At their meeting on Monday, June 9, the Duxbury Select Board accepted a petition from residents who want to rescind an article authorizing the town to borrow $70,000 a year for five years to pay off debt.

The article was approved at a special Town Meeting last month, but petitioners have since challenged its necessity, calling into question the town's debt calculations. Their petition received the requisite number of signatures, and now the select board has 60 days to call another special Town Meeting.

Last month the select board told voters that Duxbury has $338,000 in debt, which consists of a $228,000 line of credit and a $110,000 budget deficit. Former town auditor Bill Yacavoni asserts that the $228,000 line of credit is included in the 2013 budget deficit leaving the town only $110,000 in debt—or even less because the town received a refund of $40,000 from Washington West Supervisory Union last month.

The 2013 year-end audit by Bonnie Batchelder, Duxbury's new town auditor, shows a balance sheet that includes the $228,000 debt in its liabilities and shows the town ending the year at a deficit of $110,000.

At this week's meeting, the select board sought to clarify residents' confusion over the contradictory debt calculations and discussed the town's plan for moving forward. The $228,000 line of credit becomes due at the end of the month, and "is there any way that you can see the town being able to pay [it]?" select board chair Dick Charland asked current town auditor Bonnie Batchelder on Monday.

"No," Batchelder responded. Simply put, "you don't have the money and you need to make a decision to remedy it," she said.
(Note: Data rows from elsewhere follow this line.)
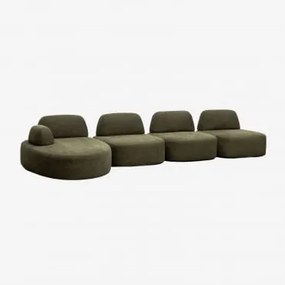 Sofá Modular Chaise Longue Esquerdo De 4 Peças Estofado Giorgia Tecido Verde Exército - Sklum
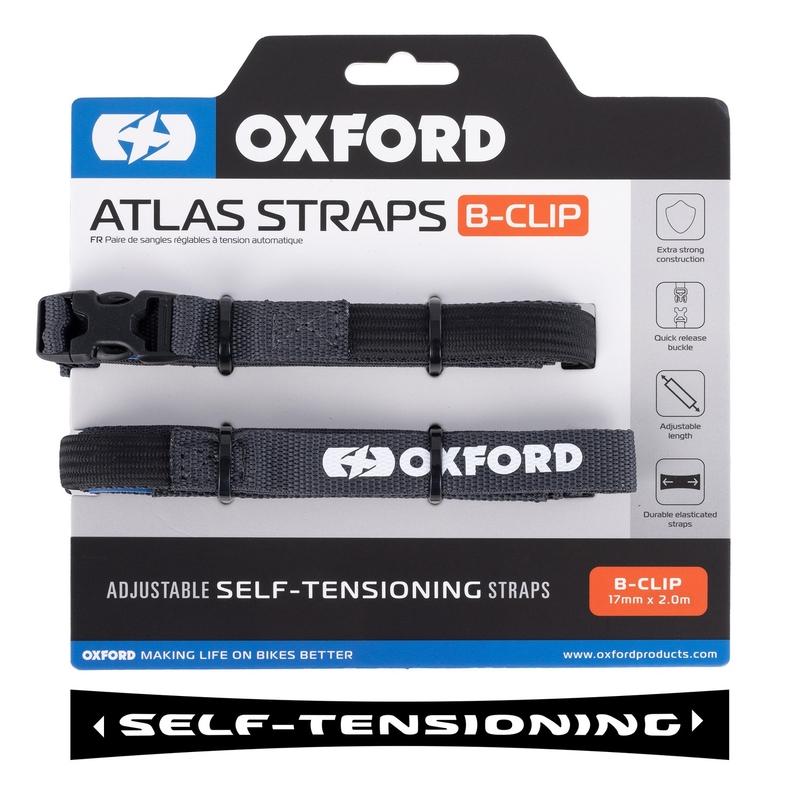 Vezice za prtljagu Oxford Atlas B-Clip 2 kom sive 17 mm x 2 m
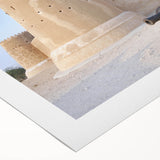 Art deco poster of Qatar scenery in muted earth tones on rolled canvas, suitable for dining room wall art.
Per state statute, Batchelder was hired to audit the books when former town treasurer Ken Scott resigned late last year. Her audit presented Duxbury's end-of-year financial situation, which Charland said the town would not be in without Tropical Storm Irene. Following flooding in 2011, Duxbury took out a line of credit with Merchant's Bank to pay for repairs until it was reimbursed by the Federal Emergency Management Association (FEMA).

In the end, Duxbury received $1.7 million from FEMA—even more than it had expected—but as the reimbursement checks came in they were used to pay for the town's operating expenses rather than repaying the line of credit, which currently stands at $228,000.

Simply put, "we, as a board, did not appropriate the money properly," select board member Mo LaVanway said last Monday. In addition to failing to use FEMA funds for repaying the line of credit, the board also overspent its budget by $110,000 in 2013, which includes a $40,000 deficit carried over from 2012.

Tropical Storm Irene "brought the town's problem to the forefront," Batchelder said, agreeing with Charland, but Duxbury's misappropriation of funds over the past two years "hasn't been just an isolated transaction," she said. "This has been going back historically."

When LaVanway asked about the option of the town taking out a tax-anticipated loan to repay the line of credit, Batchelder responded that it could work, "but that's not the purpose of a tax-anticipated loan," she said. "You just can't keep floating the money or you're going to continually end up in this cycle," she said.

Right now, the town is staying afloat "by using the money in its Capital Reserve Account," Batchelder explained. According to town treasurer Kym Andrews' cash flow analysis, by the end of May Duxbury will be $80,000 in the hole and by the end of June it will be $135,000 in the hole. But Batchelder said that she is here to help.

"[This] has been a really unfortunate process," Batchelder said. "If there's any cloudiness, I'm here to answer your questions and help you get through this," she told both the select board and the town's residents.

At the second special Town Meeting, petitioners hope to give everyone a chance to hear from Yacavoni, who audited Duxbury's books for 16 years, as well as Batchelder before making a decision to borrow $338,000 and raise the tax rate for five years to pay it back.